=== DATA SECTION ===
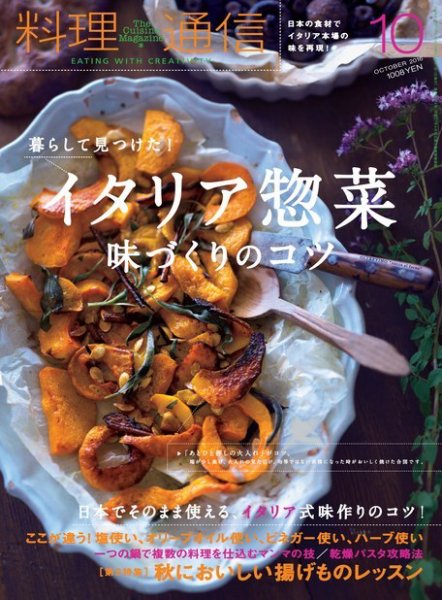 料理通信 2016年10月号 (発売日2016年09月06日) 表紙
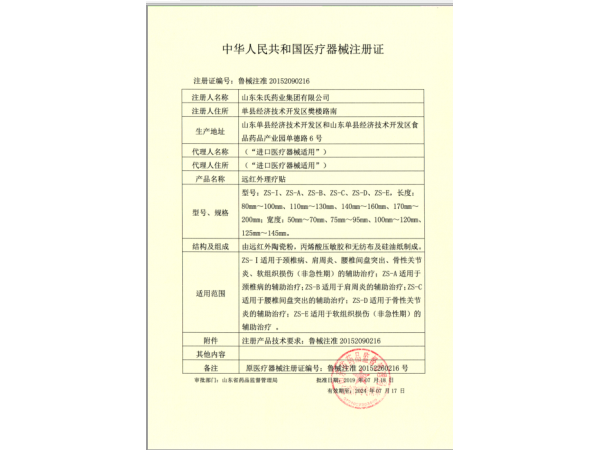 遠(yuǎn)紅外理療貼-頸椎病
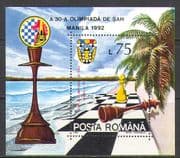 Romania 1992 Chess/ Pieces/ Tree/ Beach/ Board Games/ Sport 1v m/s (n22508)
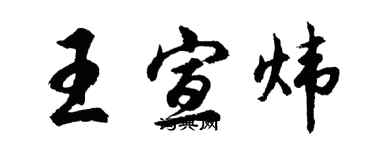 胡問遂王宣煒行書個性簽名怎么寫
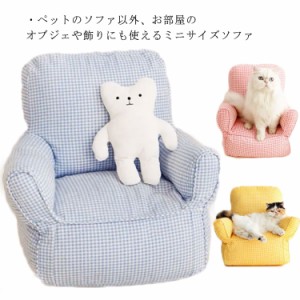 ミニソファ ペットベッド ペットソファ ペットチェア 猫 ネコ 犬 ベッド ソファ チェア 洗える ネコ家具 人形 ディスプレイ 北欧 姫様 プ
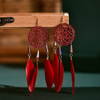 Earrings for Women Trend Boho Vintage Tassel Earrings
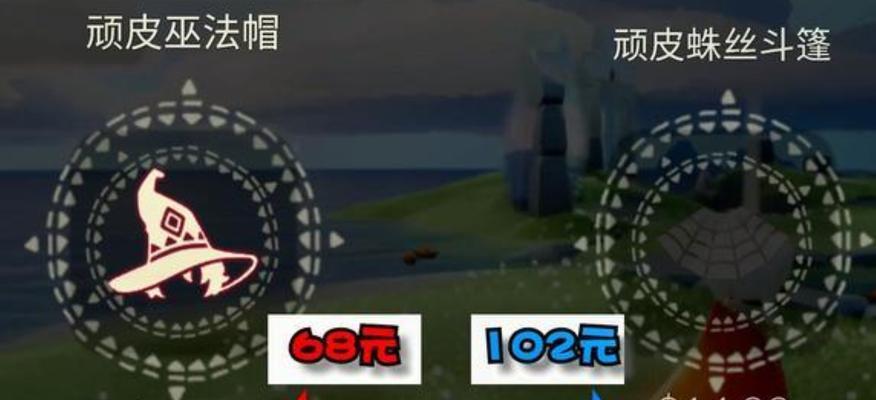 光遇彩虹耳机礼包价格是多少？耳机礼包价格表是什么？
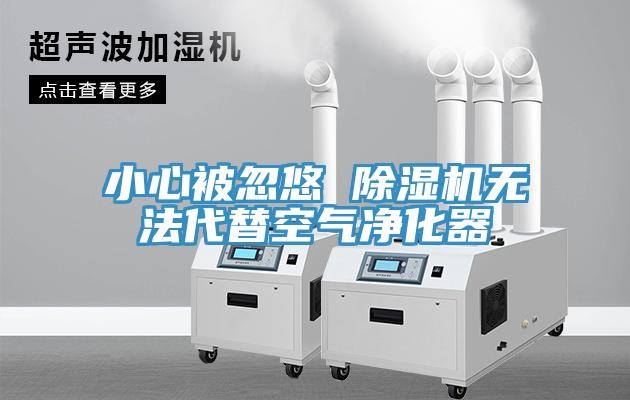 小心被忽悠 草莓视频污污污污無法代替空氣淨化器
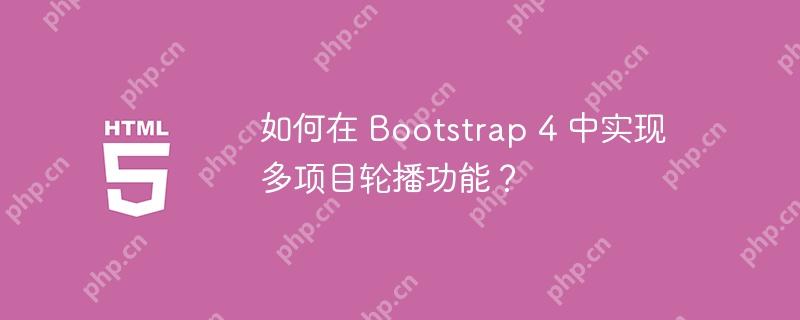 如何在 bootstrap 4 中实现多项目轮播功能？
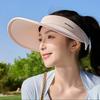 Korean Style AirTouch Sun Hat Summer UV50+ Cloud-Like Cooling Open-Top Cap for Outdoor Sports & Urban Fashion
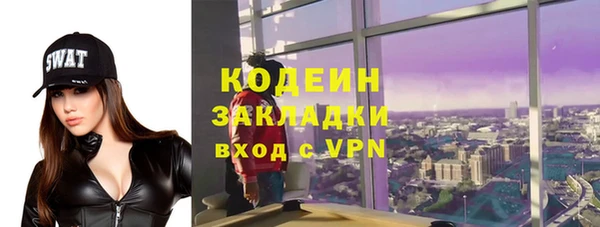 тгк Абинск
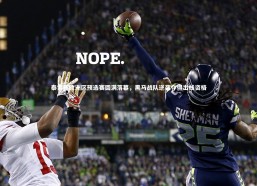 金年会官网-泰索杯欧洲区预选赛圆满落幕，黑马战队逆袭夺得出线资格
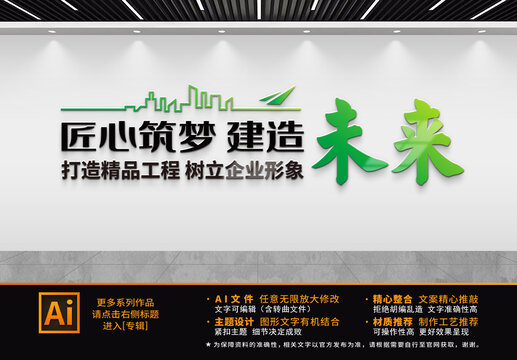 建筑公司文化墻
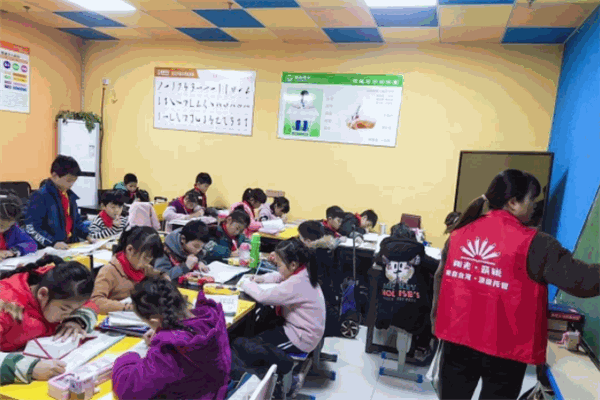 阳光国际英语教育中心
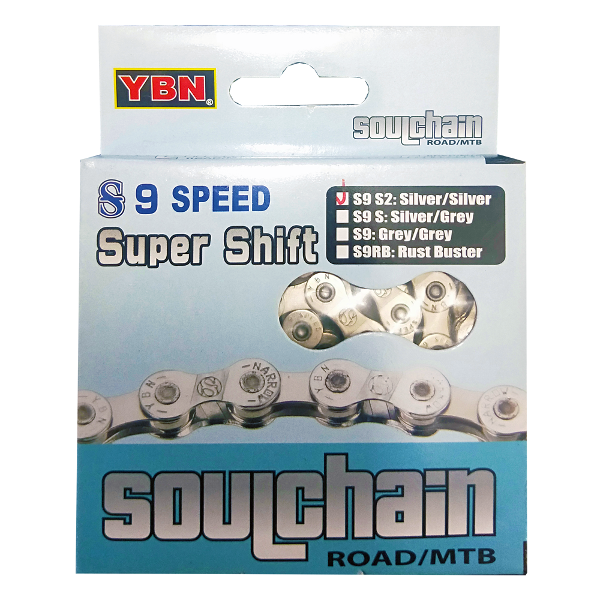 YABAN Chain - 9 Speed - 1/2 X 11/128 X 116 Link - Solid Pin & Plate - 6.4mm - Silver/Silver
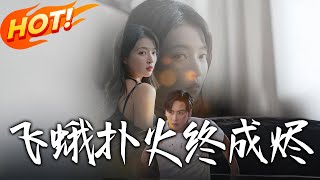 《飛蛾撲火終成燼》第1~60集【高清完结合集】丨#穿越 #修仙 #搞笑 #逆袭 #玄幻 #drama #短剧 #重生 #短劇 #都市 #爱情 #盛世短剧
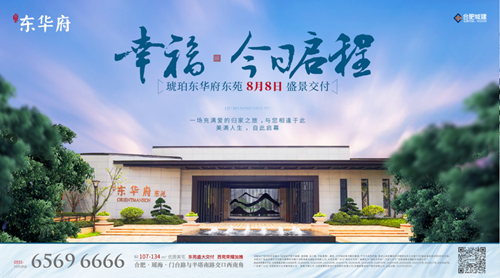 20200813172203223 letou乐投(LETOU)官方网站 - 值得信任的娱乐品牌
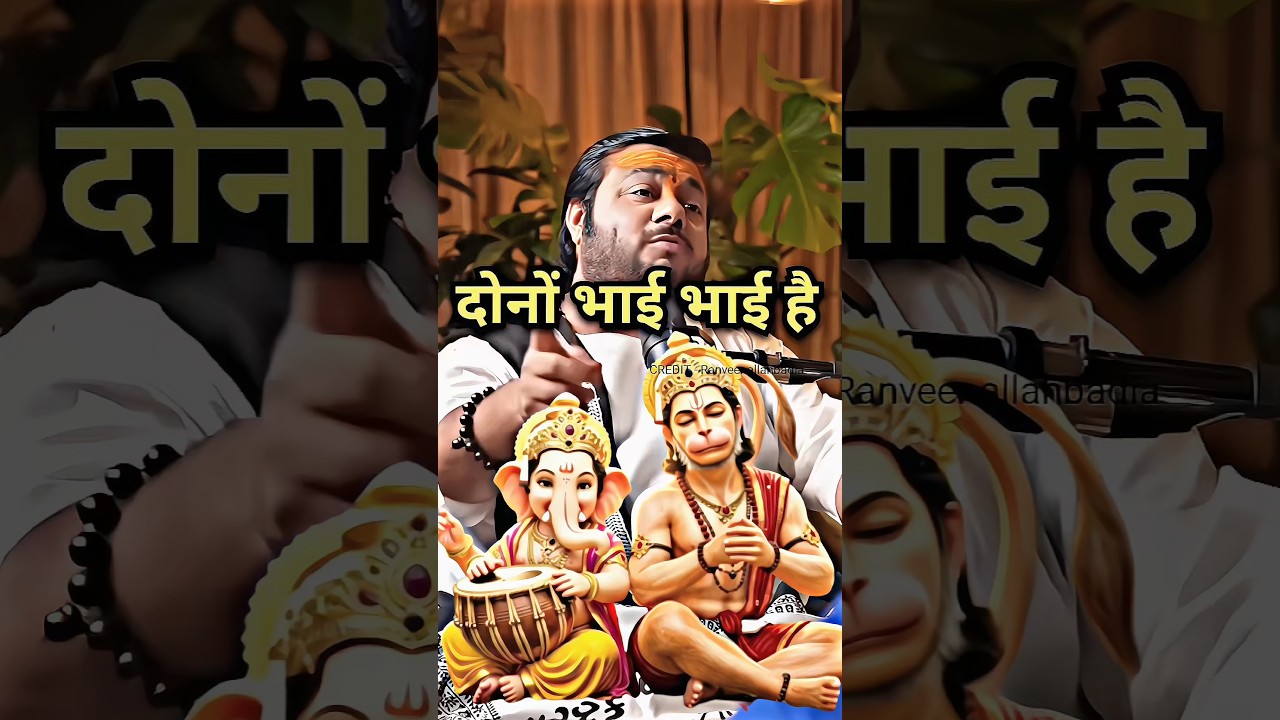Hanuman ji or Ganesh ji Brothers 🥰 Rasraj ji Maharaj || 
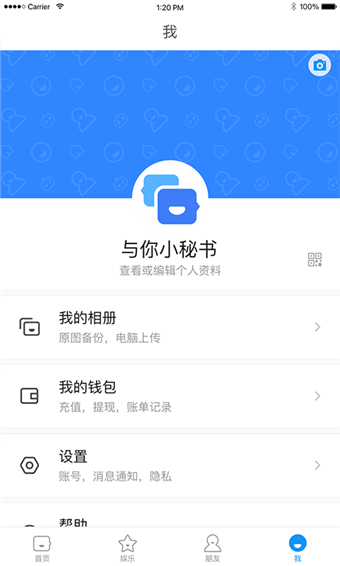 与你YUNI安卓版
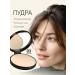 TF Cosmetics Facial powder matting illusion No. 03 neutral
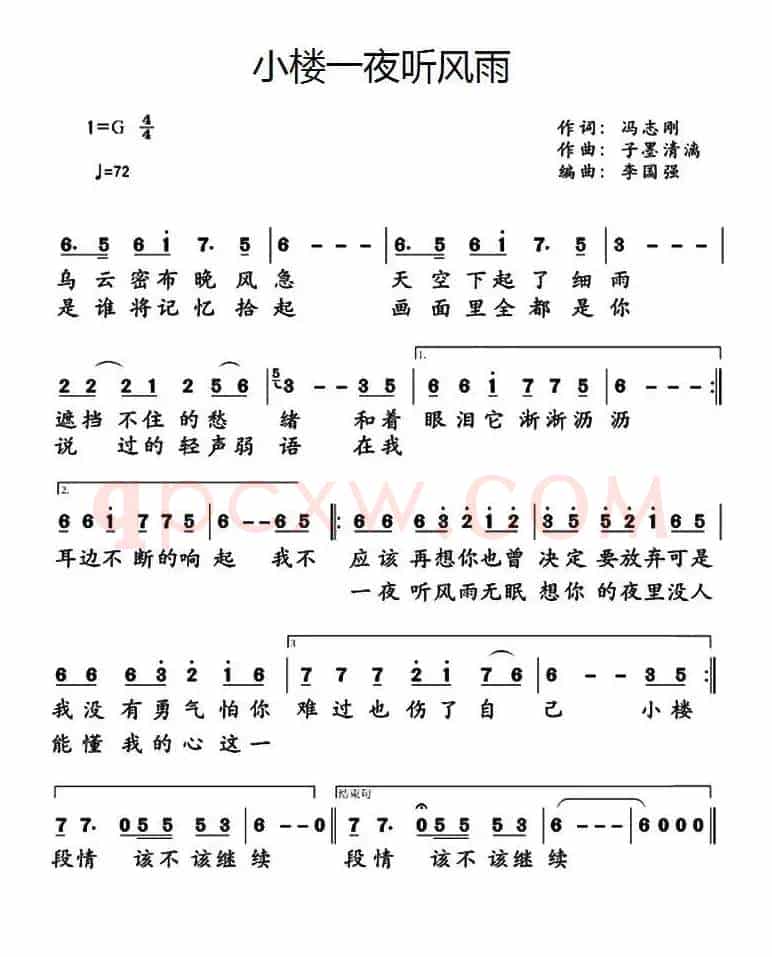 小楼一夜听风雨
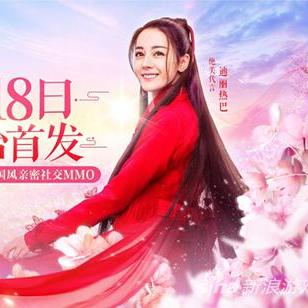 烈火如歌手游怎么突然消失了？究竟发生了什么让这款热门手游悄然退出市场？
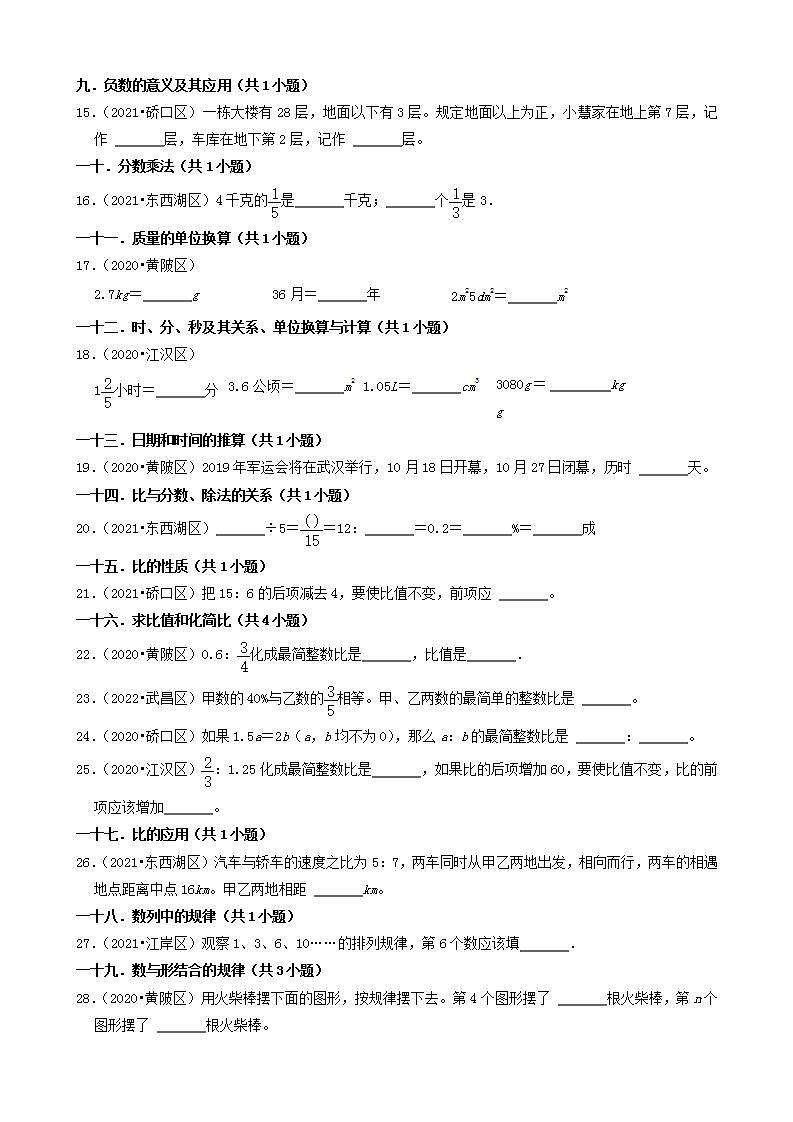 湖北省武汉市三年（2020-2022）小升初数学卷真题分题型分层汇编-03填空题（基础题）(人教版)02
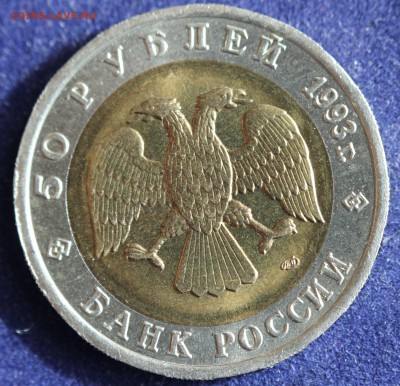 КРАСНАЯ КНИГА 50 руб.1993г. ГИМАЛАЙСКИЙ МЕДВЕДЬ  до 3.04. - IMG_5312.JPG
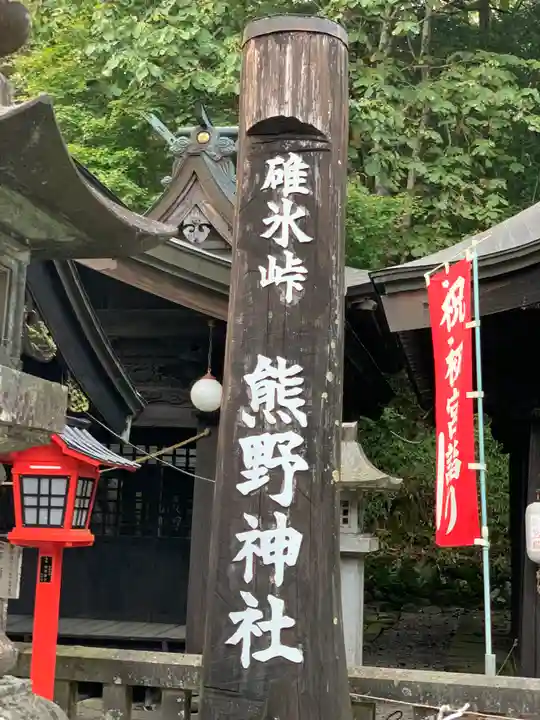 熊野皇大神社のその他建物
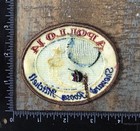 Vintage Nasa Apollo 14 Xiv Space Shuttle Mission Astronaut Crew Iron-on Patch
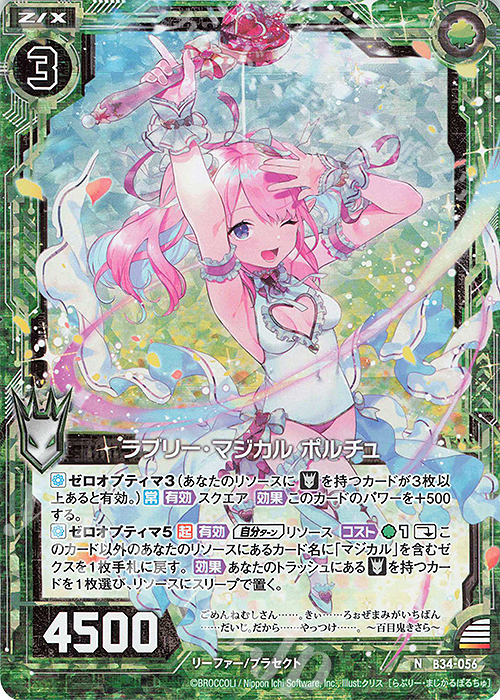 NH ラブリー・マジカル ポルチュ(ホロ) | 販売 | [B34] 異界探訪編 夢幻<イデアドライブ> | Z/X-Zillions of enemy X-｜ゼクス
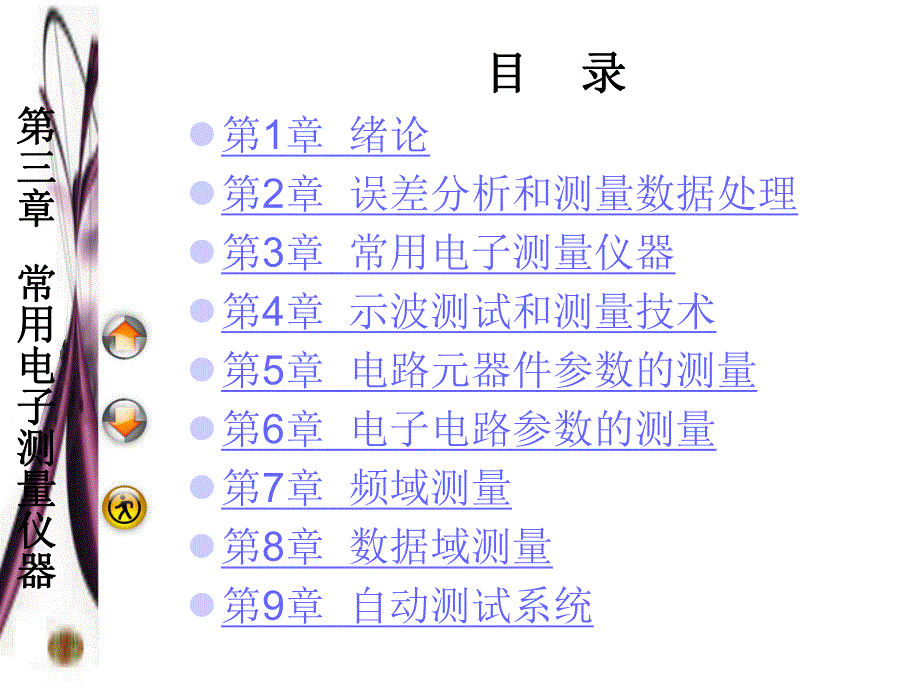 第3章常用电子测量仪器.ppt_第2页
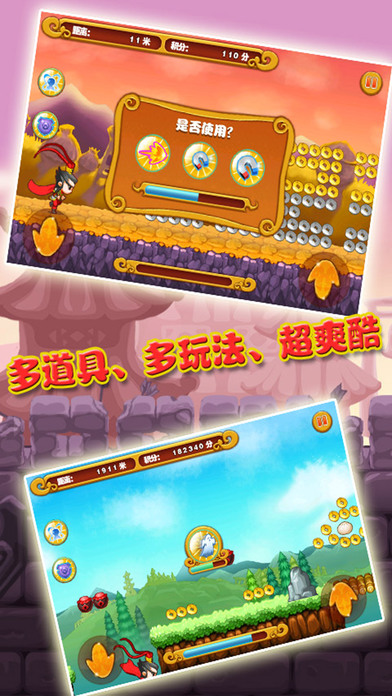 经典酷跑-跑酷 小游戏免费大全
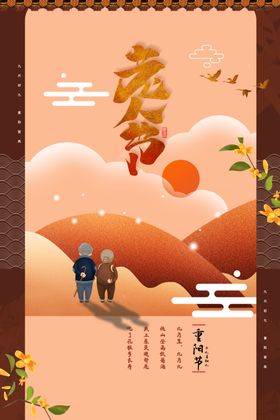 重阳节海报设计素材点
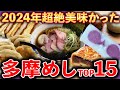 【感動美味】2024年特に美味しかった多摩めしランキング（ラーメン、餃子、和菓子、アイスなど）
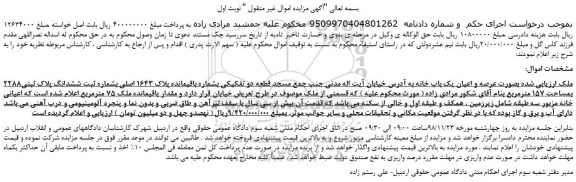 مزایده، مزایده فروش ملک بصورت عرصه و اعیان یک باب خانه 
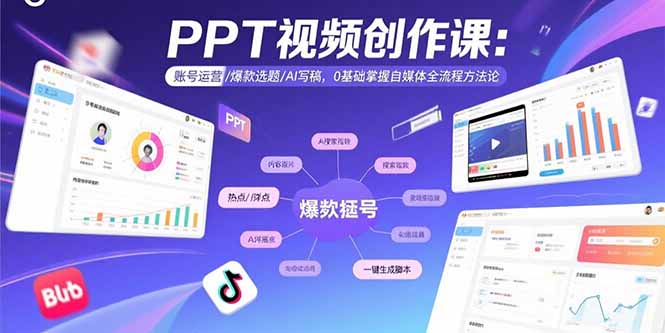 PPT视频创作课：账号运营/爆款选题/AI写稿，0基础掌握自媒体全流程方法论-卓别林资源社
===
DESCRIPTION OF THE TASK: Omit the pictures and print again exactly the lines from the one with "第3章常用电子测量仪器.ppt_第2页" through the final line of the entries, both ends included.

WRITTEN SOLUTION:
 第3章常用电子测量仪器.ppt_第2页
 经典酷跑-跑酷 小游戏免费大全
 重阳节海报设计素材点
 【感動美味】2024年特に美味しかった多摩めしランキング（ラーメン、餃子、和菓子、アイスなど）
 مزایده، مزایده فروش ملک بصورت عرصه و اعیان یک باب خانه 
 PPT视频创作课：账号运营/爆款选题/AI写稿，0基础掌握自媒体全流程方法论-卓别林资源社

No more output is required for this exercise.